Celebra-se, nesta semana, a maior manifestação de fé católica de todo o mundo: o Círio de Nazaré, em Belém.
Você já deve ter visto as imagens: mais de um milhão de fiéis por trás da corda que protege a imagem da padroeira -a qual, vista à distância, parece singrar suavemente por sobre o mar de cabeças devotas. A eletricidade emocional que percorre a procissão, do primeiro ao último peregrino, só pode ser descrita por quem já esteve lá, independentemente de crença religiosa.
Em 1984, acompanhei meu avô Tancredo Neves ao Círio de Nazaré. À magnífica demonstração de religiosidade veio juntar-se, naquele ano, a euforia do momento político que mobilizava todo o país. O sonho da redemocratização pacífica, sem traumas, tendo à frente um líder civil com a trajetória e a envergadura de Tancredo, ia pouco a pouco se convertendo em realidade, à medida que a campanha presidencial arrebatava corações e mentes dos brasileiros.

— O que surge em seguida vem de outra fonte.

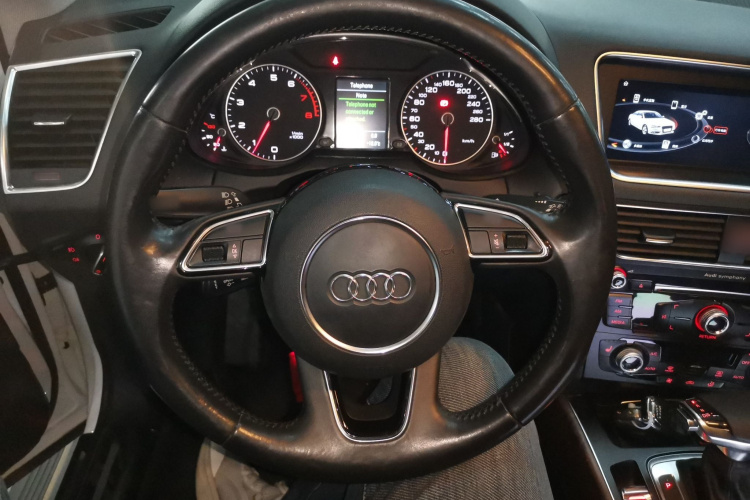 奥迪Q5 2017款 Plus 40 TFSI 技术型局部细节13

A eleição no Colégio Eleitoral seria em 15 de janeiro. Naquele cortejo do Círio, a comoção religiosa de centenas de milhares de fiéis irmanou-se ao entusiasmo da recepção a quem, em meio ao frenesi popular, já chamavam de “o presidente da redemocratização”.

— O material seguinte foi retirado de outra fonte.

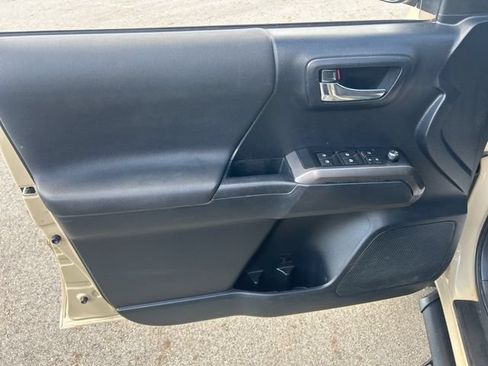 Used 2018 Toyota Tacoma TRD Sport AWD/4WD image 19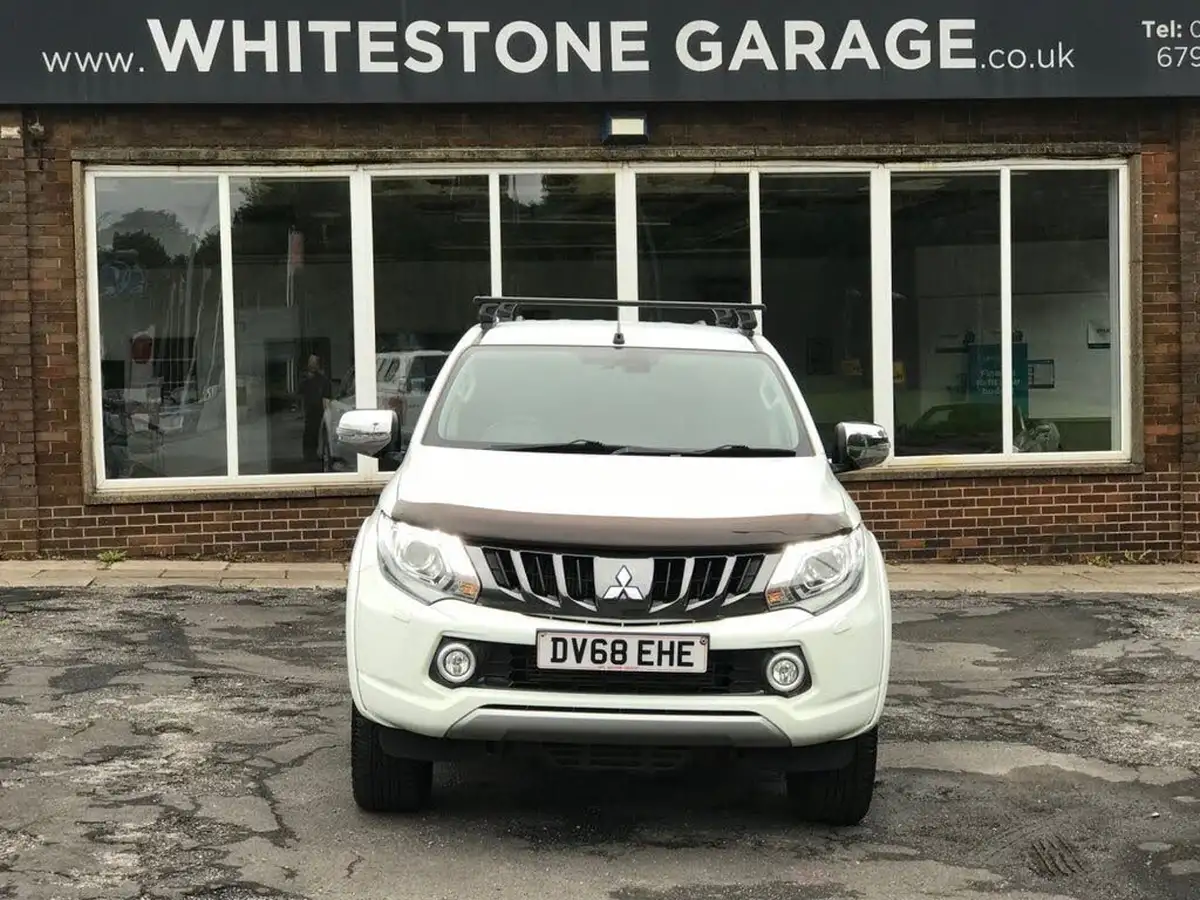 2018-mitsubishi-l200-24di-d-warrior-eu6-auto-big-9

No carro, um Aero Willys conversível branco com estofamento de couro vermelho, ao lado de meu avô, agasalhados pelo afeto da multidão, perguntei a ele: “O senhor imaginaria chegar aqui com toda essa popularidade?” Ele, com comovente sinceridade e um quê de resignação, disse: “Vou gastar todo esse crédito em três meses, pode acreditar”.
E nem precisou mais dizer. Acompanhando-o no dia a dia de jornadas estafantes, eu percebia que, entre preservar a popularidade e implantar as medidas de que o Brasil carecia, Tancredo não hesitaria em trilhar o caminho espinhoso do futuro, abrindo mão dos aplausos do presente. Pelo país, ele estava disposto a pagar o preço. Convocaria a Constituinte.

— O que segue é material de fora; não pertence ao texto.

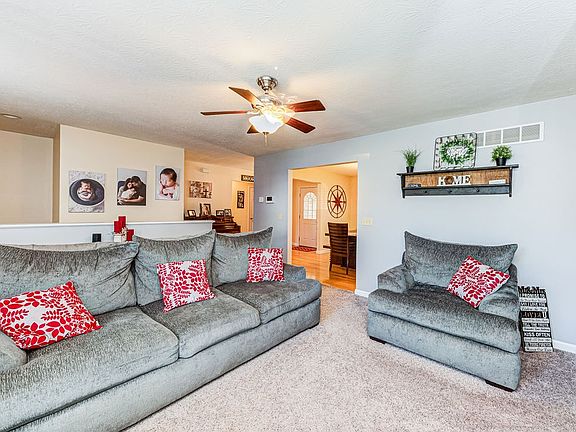 4th image of 320 Franklin Ave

Tomaria decisões amargas contra a inflação. Encaminharia as reformas que ainda hoje o Brasil aspira e merece.
Essa é a dimensão de um estadista. Naquele momento, envolvido pela fé de tantos brasileiros, aprendi uma importante lição da vida pública, que outros também conhecem. O estadista é capaz de contrariar os interesses paroquiais, miúdos; o estadista foca suas prioridades nas grandes questões nacionais; propõe e enfrenta mudanças estruturais que sacodem a inércia e a pasmaceira da administração. Nunca é refém do imediato. Não teme enfrentar incompreensões momentâneas.
Os anos passam, as oportunidades escapam, o Brasil se arrasta. Que o exemplo do Círio de Nazaré, com a robustez de suas convicções mais profundas, possa um dia incendiar nossas consciências cívicas.